Center of Concern | Fri, Oct 21, 2011
In an article released October 21st, Tom Reese, S.J. of the Woodstock Theological Center alerts us to a new Vatican call for global financial reform that will be published October 24th. Calling it "radical," he outlines some of the positions the document will underline. A similar story appeared in CNS online. This development supports the important work done by Aldo Caliari and his colleagues through the Center's Rethinking Bretton Woods Project.
Vatican to Issue Radical Document on Economy
By Thomas J. Reese, S.J.
On Monday, the Vatican will release a document on the reform of the international financial system which will be to the left of every politician in the United States. It will be closer to views of the “Occupy Wall Street” movement than anyone in the U.S. Congress. It will call for the redistribution of wealth and the regulation of the world economy by international agencies. Not only will it be to the left of Barack Obama, it will be to the left of Nancy Pelosi.
It is easy to predict what will be in the document by simply looking at what Pope Benedict XVI has said in the past. In his 2009 encyclical Caritas in Veritate (Charity in Truth). Pope Benedict’s encyclical calls for a radical rethinking of economics so that it is guided not simply by profits but by “an ethics which is people-centered.”
Profit is not an end in itself but a means toward the common good. “Once profit becomes the exclusive goal,” he writes, “if it is produced by improper means and without the common good as its ultimate end, it risks destroying wealth and creating poverty.” That certainly proved true by the economic greed and reluctance that caused the recent recession.
The Pope decries “Corruption and illegality” that are evident in the economic and political classes in both rich and poor countries. He also says that “Financiers must rediscover the genuinely ethical foundation of their activity, so as not to abuse the sophisticated instruments which can serve to betray the interests of savers.”
Benedict, like his predecessor Paul VI, hoped that economic development would produce real and genuinely sustainable growth, of benefit to everyone. Benedict disappointedly acknowledges that “The world's wealth is growing in absolute terms, but inequalities are on the increase” [italics in text]. He does not accept the trickle-down theory which says that all boats will rise with the economic tide. Benedict, like Paul VI, decries the “The scandal of glaring inequalities” and sees a role for government in the redistribution of wealth.
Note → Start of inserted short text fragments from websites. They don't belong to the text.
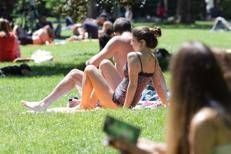 Persone al parco - Fotogramma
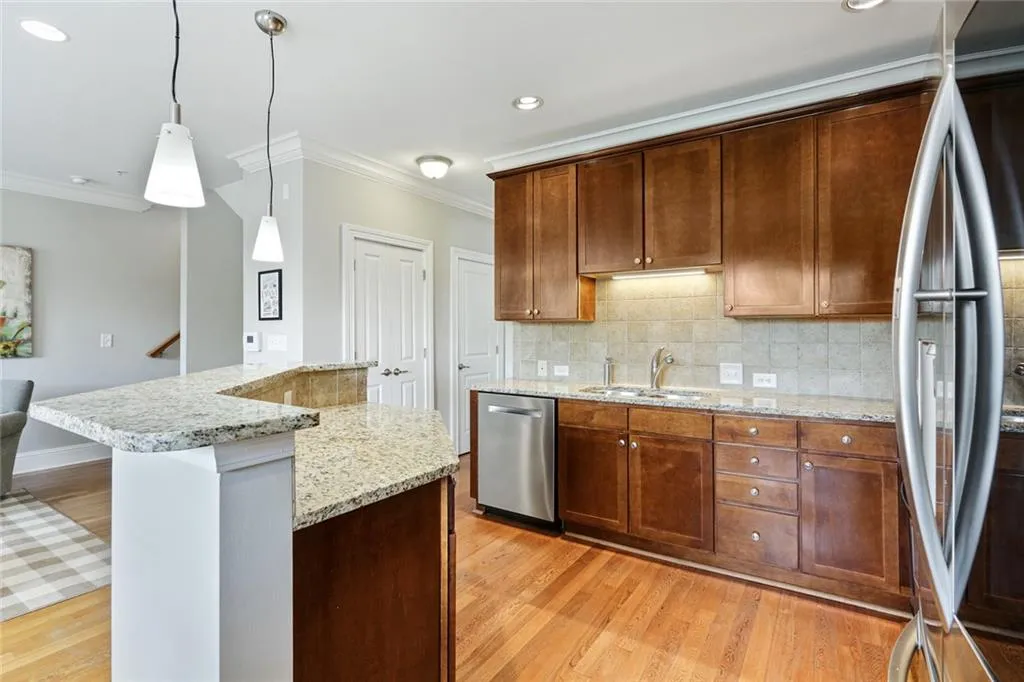 242 Le Gran Bend Unit 242, Atlanta, Georgia 30328, 3 Bedrooms Bedrooms, ,2 BathroomsBathrooms,Residential,Sold,242 Le Gran Bend Unit 242,6763383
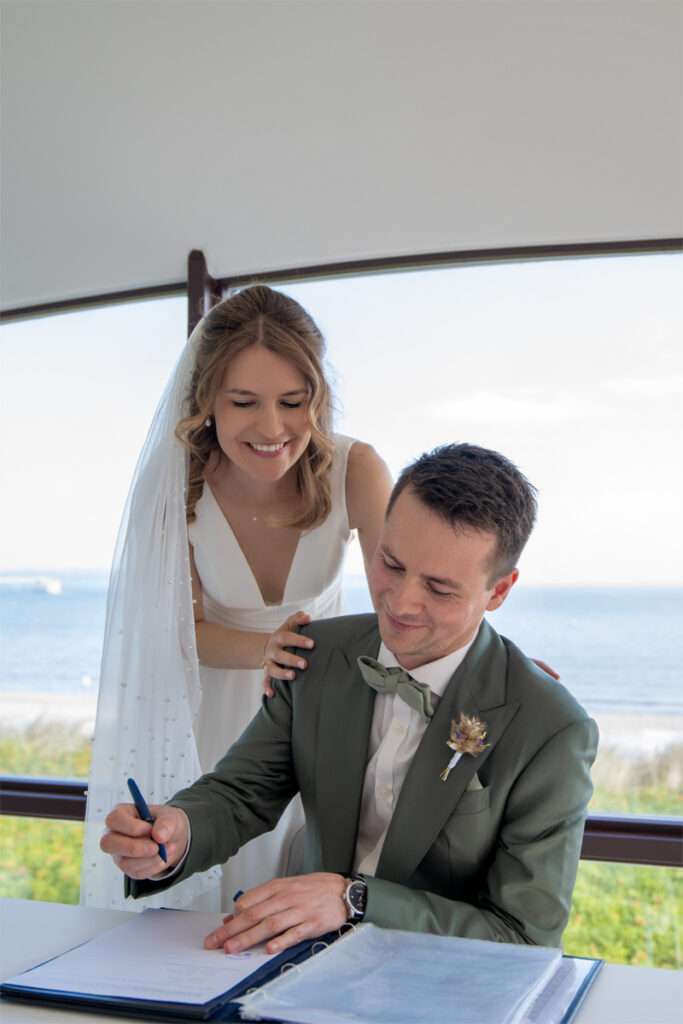 Hochzeitsbilder im Müther-Turm mit Hochzeitsfotografen vom Mazelle Photography Fotostudio bei der Hochzeit auf Rügen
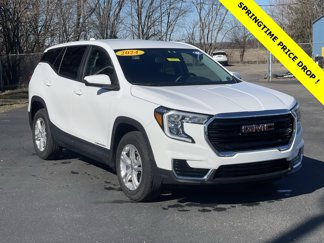 Used 2024 GMC Terrain SLE image 1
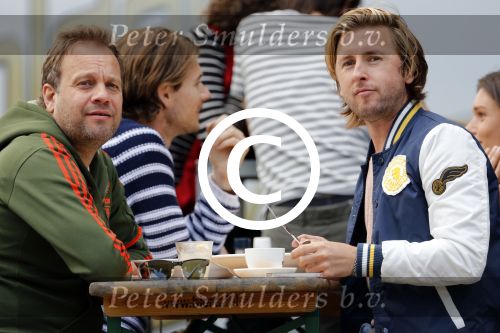 Amsterdam 9 augustus 2012
Carlo Boszhard met zijn vriend Herald op terras in de jordaan.
Peter Smulders bv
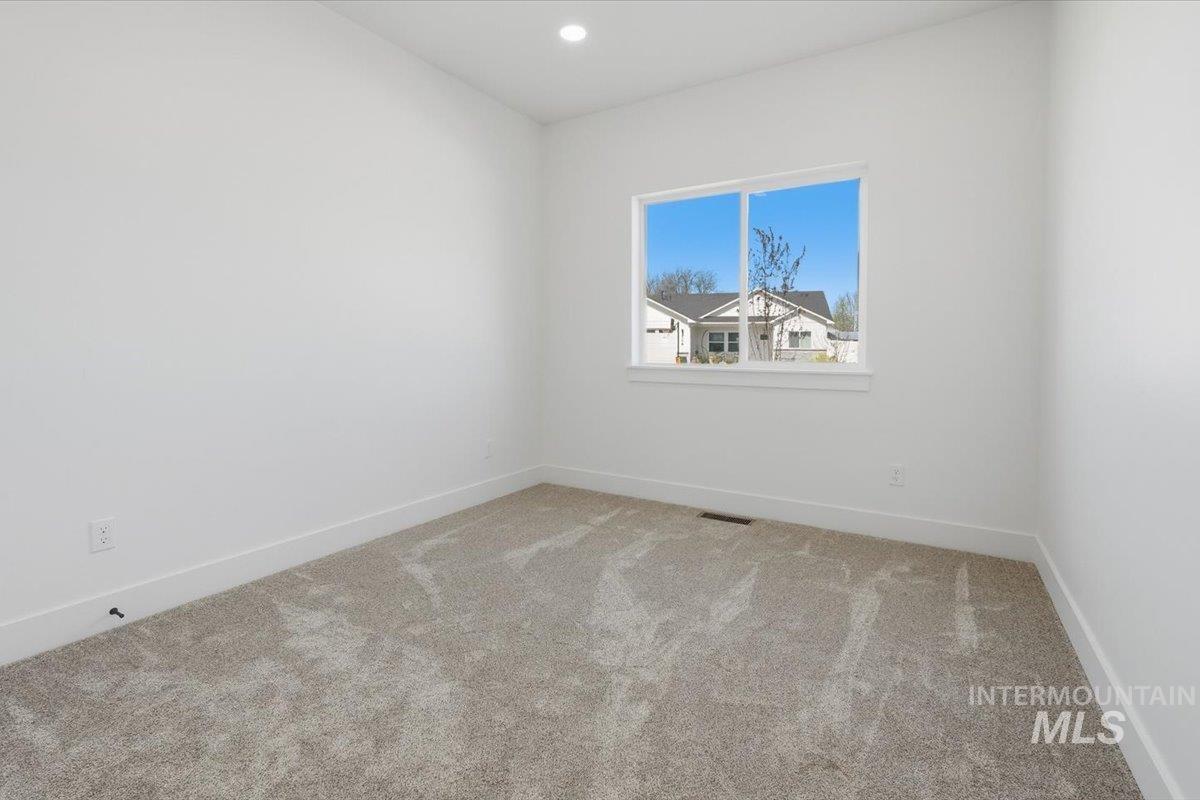 2173 Austin Way, Fruitland, Idaho 83619, 3 Bedrooms, 2 Bathrooms, Residential For Sale, Price $419,000,MLS 98974239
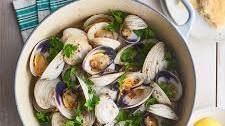 20-Minute Garlic Butter Steamed Clams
“The dignity of the individual and the demands of justice require,” he affirms, “that economic choices do not cause disparities in wealth to increase in an excessive and morally unacceptable manner, and that we continue to prioritize the goal of access to steady employment for everyone.”
The encyclical notes the globalization that has taken place, but he notes that globalization “makes us neighbors but does not make us brothers.” True “development of peoples,” he writes, “depends, above all, on a recognition that the human race is a single family working together in true communion, not simply a group of subjects who happen to live side by side.” The goal of such development, he says, is “rescuing peoples, first and foremost, from hunger, deprivation, endemic diseases and illiteracy.”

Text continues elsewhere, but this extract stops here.